Pittsburgh fans would not lose enthusiasm for their team simply because of predictions by some shady gamblers. Even the Federal Court downtown took a semiholiday when a judge announced court would be in session from 9:30 AM until 11:30 AM on game days.
The heads of baseball gurus shook in amazement when Pittsburgh squeaked out a 6–4 victory in Game 1 at Forbes Field. Law’s admirable pitching and Mazeroski’s home run overcame clouts out of the park by Maris and Howard.
As if to say, Enough is enough,
the Yankees rolled up their sleeves and pummeled the Pirates in Games 2 and 3 by scores of 16–3 and 10–0.

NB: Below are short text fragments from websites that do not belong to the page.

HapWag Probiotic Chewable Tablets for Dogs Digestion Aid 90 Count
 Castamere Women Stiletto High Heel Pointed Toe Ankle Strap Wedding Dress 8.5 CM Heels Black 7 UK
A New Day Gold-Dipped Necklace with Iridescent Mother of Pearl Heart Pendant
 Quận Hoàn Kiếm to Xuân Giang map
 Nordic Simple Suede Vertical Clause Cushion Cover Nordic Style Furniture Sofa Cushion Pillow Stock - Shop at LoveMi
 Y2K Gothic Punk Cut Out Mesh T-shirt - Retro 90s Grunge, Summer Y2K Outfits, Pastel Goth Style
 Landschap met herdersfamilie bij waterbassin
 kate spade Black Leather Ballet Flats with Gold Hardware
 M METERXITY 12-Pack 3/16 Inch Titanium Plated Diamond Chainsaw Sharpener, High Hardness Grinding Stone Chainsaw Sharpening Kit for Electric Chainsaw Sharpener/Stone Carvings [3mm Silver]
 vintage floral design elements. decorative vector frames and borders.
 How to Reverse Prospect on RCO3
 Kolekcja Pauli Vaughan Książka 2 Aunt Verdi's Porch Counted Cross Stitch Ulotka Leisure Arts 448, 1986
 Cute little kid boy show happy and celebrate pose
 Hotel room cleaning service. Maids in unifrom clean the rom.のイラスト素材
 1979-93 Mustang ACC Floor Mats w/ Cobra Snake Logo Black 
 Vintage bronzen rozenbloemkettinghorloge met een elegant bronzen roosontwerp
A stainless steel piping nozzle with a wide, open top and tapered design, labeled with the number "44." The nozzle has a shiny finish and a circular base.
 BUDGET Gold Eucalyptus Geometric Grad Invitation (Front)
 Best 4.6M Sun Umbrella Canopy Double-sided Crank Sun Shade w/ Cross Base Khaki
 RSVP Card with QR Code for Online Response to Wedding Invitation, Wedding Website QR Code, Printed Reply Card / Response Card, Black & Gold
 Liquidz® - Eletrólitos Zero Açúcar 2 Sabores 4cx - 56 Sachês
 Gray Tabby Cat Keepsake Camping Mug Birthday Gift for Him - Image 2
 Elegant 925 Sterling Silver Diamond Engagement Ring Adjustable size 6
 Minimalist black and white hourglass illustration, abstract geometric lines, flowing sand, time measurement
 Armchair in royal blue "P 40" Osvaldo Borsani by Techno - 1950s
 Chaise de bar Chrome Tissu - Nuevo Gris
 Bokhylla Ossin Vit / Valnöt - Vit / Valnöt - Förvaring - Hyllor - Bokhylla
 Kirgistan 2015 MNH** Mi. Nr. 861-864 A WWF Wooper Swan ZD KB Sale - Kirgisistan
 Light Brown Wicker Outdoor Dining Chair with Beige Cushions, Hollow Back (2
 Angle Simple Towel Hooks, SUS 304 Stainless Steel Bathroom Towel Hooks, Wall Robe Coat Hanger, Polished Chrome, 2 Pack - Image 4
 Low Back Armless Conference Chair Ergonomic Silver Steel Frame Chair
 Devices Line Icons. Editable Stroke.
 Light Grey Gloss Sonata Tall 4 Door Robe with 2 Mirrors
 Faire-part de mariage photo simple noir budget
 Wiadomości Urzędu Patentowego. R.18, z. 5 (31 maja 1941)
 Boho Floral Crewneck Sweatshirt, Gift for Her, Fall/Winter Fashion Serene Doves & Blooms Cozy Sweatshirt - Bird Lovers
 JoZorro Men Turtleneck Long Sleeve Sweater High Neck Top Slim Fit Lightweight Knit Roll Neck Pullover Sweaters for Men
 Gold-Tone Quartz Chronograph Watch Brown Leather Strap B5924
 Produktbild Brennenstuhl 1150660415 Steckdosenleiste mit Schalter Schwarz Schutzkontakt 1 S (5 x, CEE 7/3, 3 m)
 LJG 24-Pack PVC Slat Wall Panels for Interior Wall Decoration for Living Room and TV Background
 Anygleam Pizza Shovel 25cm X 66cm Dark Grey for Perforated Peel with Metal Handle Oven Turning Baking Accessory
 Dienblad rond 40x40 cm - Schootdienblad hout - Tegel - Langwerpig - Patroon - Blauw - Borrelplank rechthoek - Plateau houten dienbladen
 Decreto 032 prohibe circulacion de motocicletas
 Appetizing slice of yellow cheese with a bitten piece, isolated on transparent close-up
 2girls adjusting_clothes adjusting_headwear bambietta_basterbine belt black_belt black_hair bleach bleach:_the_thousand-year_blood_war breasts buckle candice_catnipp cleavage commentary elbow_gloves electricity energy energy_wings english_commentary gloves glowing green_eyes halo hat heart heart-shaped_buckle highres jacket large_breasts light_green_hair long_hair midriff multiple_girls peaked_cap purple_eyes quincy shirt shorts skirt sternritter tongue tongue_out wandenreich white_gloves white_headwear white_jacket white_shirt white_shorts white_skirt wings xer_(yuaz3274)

Law and Face limited the Yankees bats to eight hits in a 3–2 victory in Game 4 that was highlighted by a game-saving, leaping catch by Virdon in center field that robbed slugger Bob Cerv of a sure double.
Roger Maris clubbed a home run in Game 5, but that didn’t offset timely doubles by Burgess, Groat, Mazeroski, and Virdon, as Haddix and Face allowed only five hits in a 5–2 win.
Instrumental in the Pirates’ World Series victory over the New York Yankees in 1960 were (left to right) pitchers Vernon Law and ElRoy Face, and outfielder Bill Virdon.
Back in Pittsburgh for Game 6, even the most pessimistic fan joined in the chorus of the theme song, The Bucs Are Going All the Way.
Whitey Ford muzzled the singing when he whitewashed the Pirates for the second time in the Series, 12–0. Pittsburgh bats were tame, with only seven singles all afternoon.
All of this was but an overture to the game and the hit—both of which faithful Pirates fans continue to speak of with awe and reverence.
The early-morning sun peeking over the horizon on October 13, 1960, brought out a colorful fall kaleidoscope of scarlet, lemon, and gold leaves still clinging to the trees in Schenley Park, just beyond the outfield walls of Forbes Field. It seemed as though some of nature’s finery wanted to linger just to witness what was about to happen.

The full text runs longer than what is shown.